Colin Kaepernick is an American. Through and through.

In the midst of a solid NFL career, in which he brought the San Francisco 49ers to Super Bowl XLVII, he took a knee. The free agent quarterback knelt for the national anthem in 2016 to protest racial injustice and police brutality in the United States. He dissented from the masses, and in the face of relentless public scrutiny, he has continued to kneel. 

So, the NFL kicked him out of the league.

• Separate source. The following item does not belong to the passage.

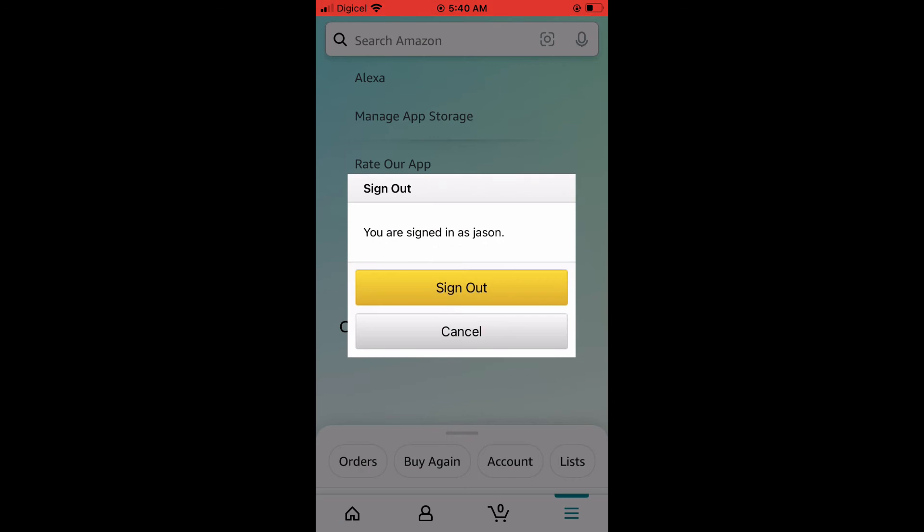Then you'll see the option sign out and you'll simply tap on sign out again. And that will log you out of the Amazon account.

But now, Kaepernick may have a chance to get back on an NFL roster. On Nov. 16, Kaepernick participated in an NFL-organized tryout in front of representatives of 25 teams in Atlanta. The NFL set the time, date and location, and gave Kaepernick four days’ notice of the tryout. Worse, they gave him just two hours to decide whether to attend and didn’t allow media access. Around 30 minutes prior to the start of the tryout, Kaepernick announced that he was moving the tryout to another Atlanta location that allowed media access since the NFL denied Kaepernick’s request for media transparency at the original location. The move was predictably denounced by the NFL.

The tryout debacle is an unexpected installation of the Kaepernick saga, especially when you consider that the NFL essentially admitted to blackballing Kaepernick when they settled a grievance lawsuit in March 2019 with the quarterback. 

This tryout never needed to happen, though if the NFL wasn’t at fault for Kaepernick’s professional downfall.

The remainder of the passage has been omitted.